The 1999 Oscar Odds: Best Supporting Actress
Check out EW's odds for Kathy Bates, Judi Dench, Rachel Griffiths, and more
We have seen the future…and it’s time to take our crystal ball in for a tune-up. With some of the tightest races in recent memory, the 71st annual Academy Awards has even the most seasoned prognosticators playing 52 pickup with their tarot decks. Despite the cloudiness, we’ve managed to sift through the hoopla of critics’ prizes, secondary awards shows, and straight-up politics to fearlessly predict the fates of Gwyneth Paltrow, Steven Spielberg, Tom Hanks, Billy Bob Thornton, Shakespeare, and the rest of the nominees in all 24 categories. Should the events of March 21, 1999 surprise the entire world, we’ll throw up our hands like the rest of you. But should we prove uncannily correct, you know where to send a cut of those Oscar-pool winnings.
For Her: Even those who hated Primary Colors said Bates (the race’s sole Yank) deserved a nod for her portrayal of a gay, crazy, smart, doomed (is this part made for Oscar or what?) political dust buster.

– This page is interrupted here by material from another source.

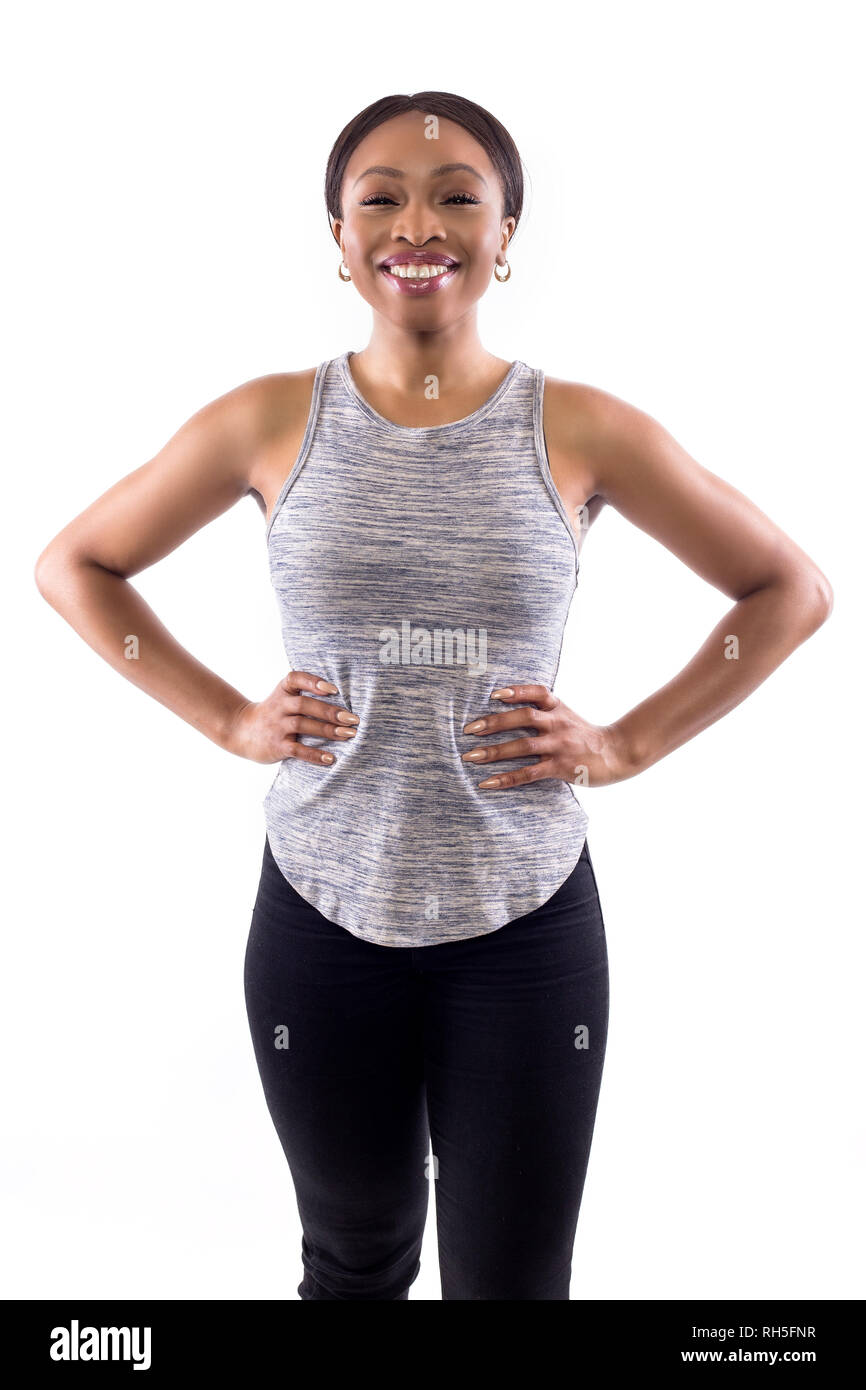Confident black female wearing athletic outfit on a white background as a  fitness trainer Stock Photo - Alamy
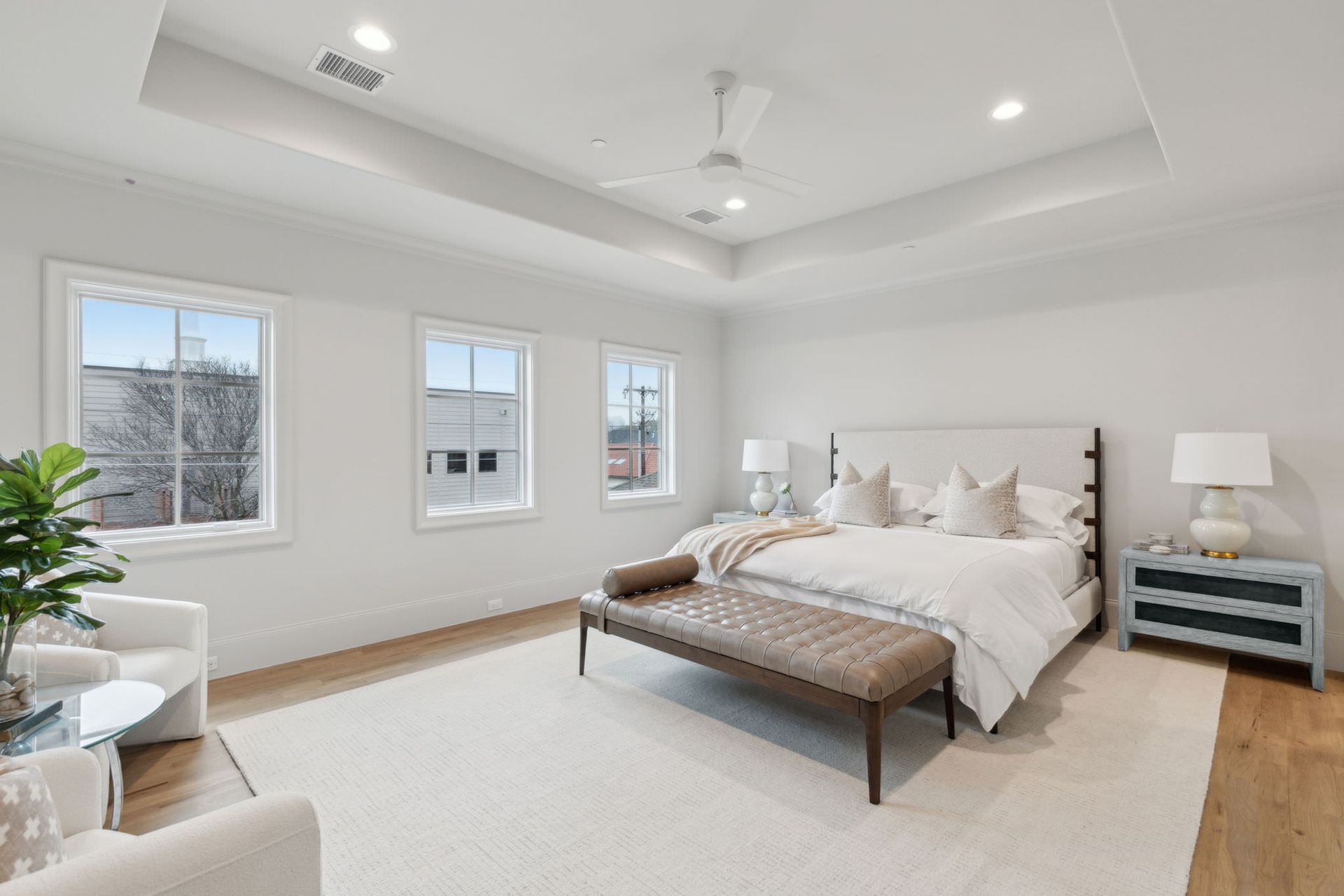 Spacious, white bedroom with windows, king bed, seating area, and a long brown bench at the foot of the bed.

Plus, she gets sympathy votes for playing Adam Sandler’s ma in The Waterboy.
Against Her: Primary season was so long ago.

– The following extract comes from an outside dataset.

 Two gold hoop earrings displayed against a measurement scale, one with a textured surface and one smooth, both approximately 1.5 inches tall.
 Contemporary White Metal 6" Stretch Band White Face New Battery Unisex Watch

For Her: She let herself look — and sound — terrible as the tarted-up, blowsy blabbermouth of Little Voice; after this and Secrets & Lies, it’s clear that nobody does British basket cases (female division) better.
Against Her: Her miles-over-the-top performance has some voters grumbling that less would have been more.
For Her: As the sharp-tongued, sharper-minded Queen Elizabeth in Shakespeare in Love, she pretty much gave a master class in the art of screen acting, and she’s got residual respect from last year’s Mrs. Brown nomination.
Against Her: Blink and you miss her brief performance (but did anyone dare blink while she was on screen?).
For Her: In a category famous for its young surprise winners (Anna Paquin, Marisa Tomei, Juliette Binoche, to name a few), Griffiths’ understated and emotionally restrained work in Hilary and Jackie is exactly the kind of performance that can end up sneaking into the winner’s envelope.
Against Her: Rachel who?
For Her: Thirty-two years after her first nomination, well-regarded Hollywood vet Redgrave took the smallish part of James Whale’s maid in Gods and Monsters, stole scenes from Ian McKellen(!), and won the Golden Globe.
Against Her: To some, her Edith Bunker-meets-Cloris Leachman-in-Young Frankenstein look barely skirted parody.
The Lowdown: Judi, Judi, Judi (but don’t say we didn’t warn you).